Üç: PYD savaşta ve krizden çıkış için önerdiği her türlü etnik ve inanç topluluğunun hakkını ve hukukunu gözeten ‘demokratik bir Suriye, özerk Kanton yönetimler’’ modeli giderek herkes tarafından büyük bir ilgi ve alaka ile kabul görüyor.

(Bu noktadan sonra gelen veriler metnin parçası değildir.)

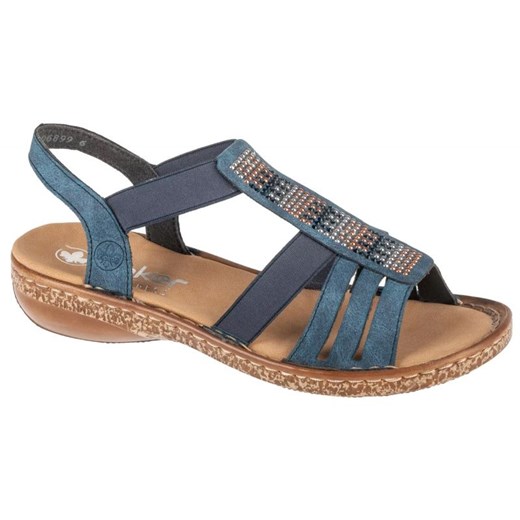 Sandały Rieker Sandals  628G7-14 niebieskie ze sklepu ButyModne.pl w kategorii Sandały damskie - zdjęcie 179486333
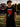 Men Black Graphic Regular Half sleeves T-Shirt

İşte 26 Ocak’ta başlayacak olan Moskova toplantısı Kobanê direnişinin ortaya çıkardığı yeni tarihsel koşullarda gerçekleşiyor. Bir anlamada bu toplantı Moskova’ya geleneksel ve özü itibariyle de Kürtleri yok sayan politikadan vazgeçme fırsatı da sunuyor. Pekala bunun için Moskova toplantının ev sahibi olarak Kürtlerin konferansta eşit şekilde yer almasını sağlayarak ilk adımı atmış olacak. Bunu Moskova’nın PKK başta olmak üzere Kürt hareketinin bütün dinamikleriyle açık, karşılıklı güvene dayalı ve bölgenin geleceği için yeni bir ilişki ve başlangıç yapması takip etmeli. Moskova eskinin yanlış ve kendisine ayak bağı olan ilişkilerden kurtarmalı.